Ρωμανός ~ Romanós said...

Yes, brother, I unreservedly agree with your comments in both paragraphs. I am rather a recluse when it comes to watching what new books are published, especially Christian ones, so I've never heard of Jesus Calling, but from what you've hinted at, it must be of the genre of spiritual counterfeits literature, the likes of Jeanne Dixon, or Edgar Cayce, both of whom started out as Christians (one Catholic, the other Disciples of Christ), but ended up trusting in 'spirits' rather than the Holy Spirit.

Forgive me, but in my aged and decrepit state, I am very short on patience with anyone claiming new revelations or mystical knowledge of what Jesus was doing when the Bible doesn't tell us.

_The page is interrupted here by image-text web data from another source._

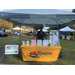 KHA sign next to their table at the National Night Out with a lady behind it.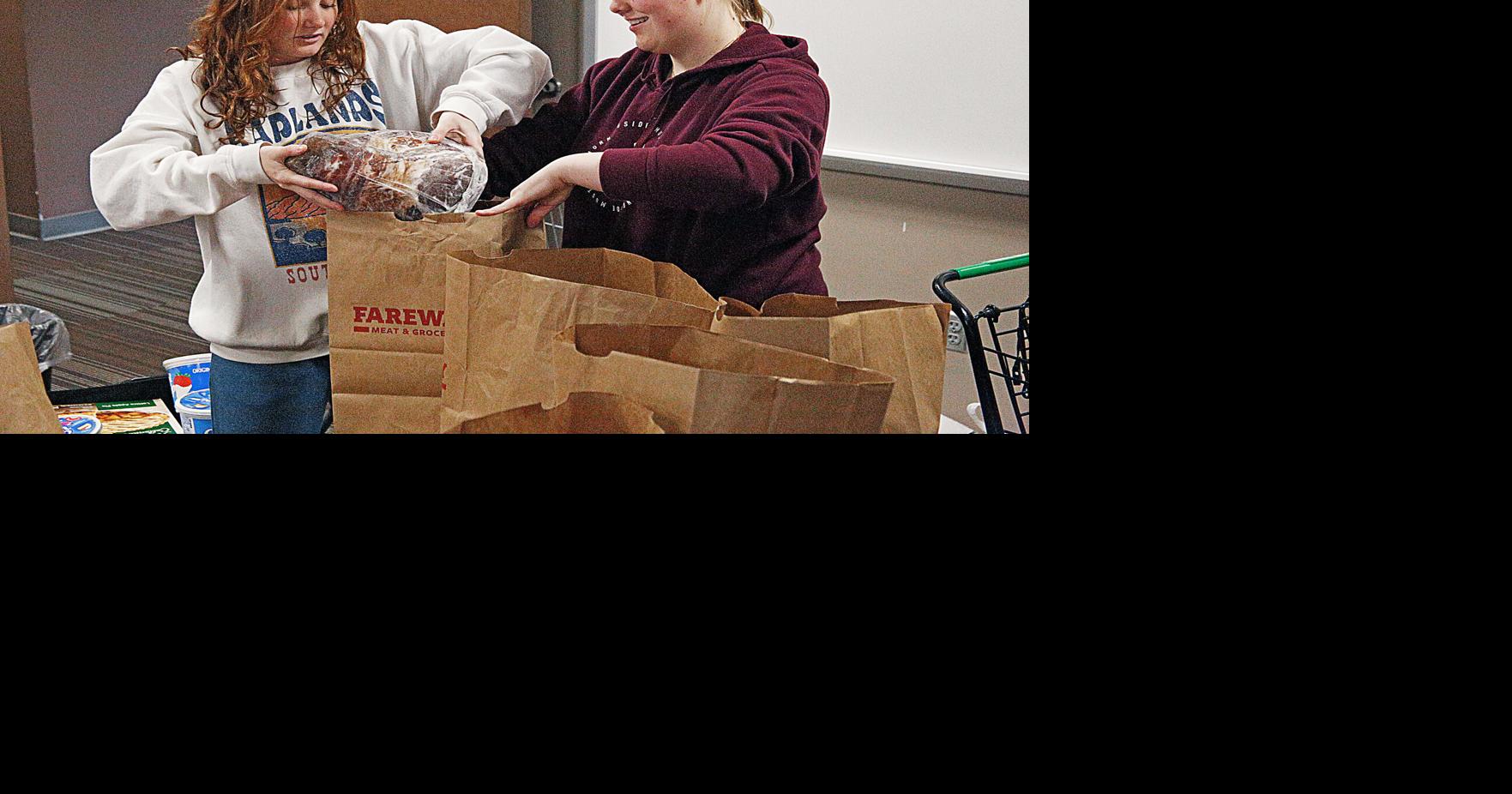 CHS students help fill tables with Adopt-a-Family Thanksgiving meals ...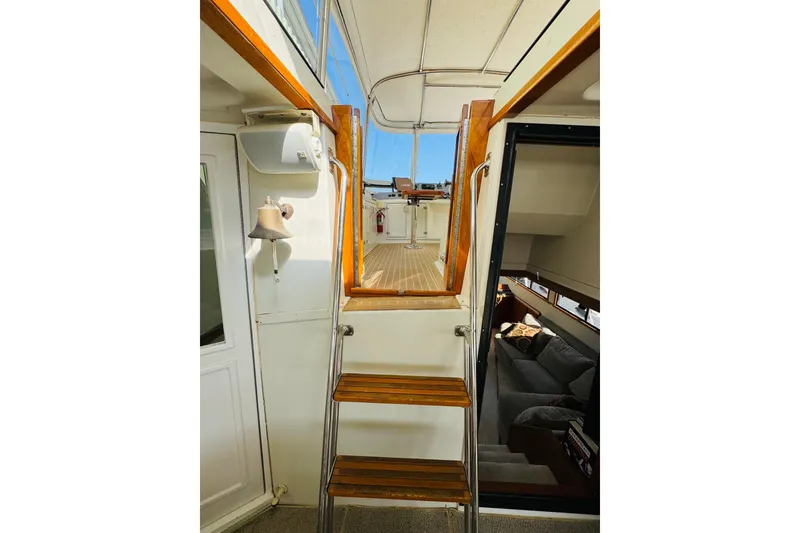 Slide: The Image of Interior view of 1991 Californian 55 Cockpit Motor Yacht with wooden stairs and seating area. - 38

I may not be a fundamentalist, as they are called, but I believe the Holy Bible is more than enough resource material for every good purpose: instruction, guidance, and revelation. And I believe what holy apostle John says, 'If anybody does not keep within the teaching of Christ but goes beyond it, he
cannot have God with him: only those who keep to what He taught can have
the Father and the Son with them' (2 John 1:9).

Muhammad, Joseph Smith, and any other so-called prophets reveal nothing except the depth of depravity a man can descend to, when he abandons the fear of God, and takes it upon himself to speak as no one but Jesus Christ has authority to speak.

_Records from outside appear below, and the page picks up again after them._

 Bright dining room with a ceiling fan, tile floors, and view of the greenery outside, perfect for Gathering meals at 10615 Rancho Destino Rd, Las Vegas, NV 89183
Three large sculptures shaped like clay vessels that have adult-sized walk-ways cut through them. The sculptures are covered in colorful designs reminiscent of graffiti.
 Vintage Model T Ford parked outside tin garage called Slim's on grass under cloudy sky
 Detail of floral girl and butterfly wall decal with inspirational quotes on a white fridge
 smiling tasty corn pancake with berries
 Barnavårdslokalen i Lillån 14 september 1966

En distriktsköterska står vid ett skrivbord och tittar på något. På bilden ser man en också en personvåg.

Thanks as always, brother, for your comments.

Jim Swindle said...

Thank you. Jesus Calling perhaps the best-selling "Christian" book outside the Bible in the past two years. It's the writings of a lady who says Jesus spoke them to her day by day. It doesn't seem to be teaching occultism, but I believe the whole premise is wrong. If the Lord is speaking to her, he's not giving new almost-but-not-quite-scripture to be published for everyone.

Ρωμανός ~ Romanós said...

Yes, even without teaching occult or overtly heretical ideas (pantheism, reincarnation, etc.), the premise is entirely wrong, and it could lead others right into the hands of the evil one, who likes to play prophet with any spiritual idiot (ancient meaning of this word implies 'my own') he can find.

There is a genre of Christian literature that has been around since apostolic times wherein the author writes, often in the form of dialog, the words of Jesus. Probably the best known book written this way is The Imitation of Christ by the Dutch monastic Thomas à Kempis.

There is never even a hint that the dialog is anything but a construction based on the Bible, and in my edition of that book, it is copiously footnoted with the Bible references. This is done both for dramatic effect and also to teach the Bible in the context of daily life, that is, how to apply it.

Many authors of all Christian affiliations have written this way, including myself, for example, in my Eyewitnesses stories, and without having to say it explicitly, their writings are understood to be dramatic, literary, or metaphorical presentations. The presentation is fiction, but the truth conveyed is not, and the author makes no claims to be anyone special.

'Danger! Danger!' the Spirit siren sounds, when He is being traduced and masqueraded by the likes of an Immanuel Swedenborg, or Mary Baker Eddy, or infallible Roman pope. We have no one to blame but ourselves if we don't heed His alarm and get swept away along with our sand-anchored house.

'He who listens to My words' says the Lord Jesus, 'and follows them,' well, you know the rest. Not religious yarns and gossip, but the holy gospel, is what upholds and saves the world. 'Gossips are never interested in the truth' (http://eye-witnesses.blogspot.com/2012/08/now-i-know-for-sure.html).

Thanks, brother, for this discussion.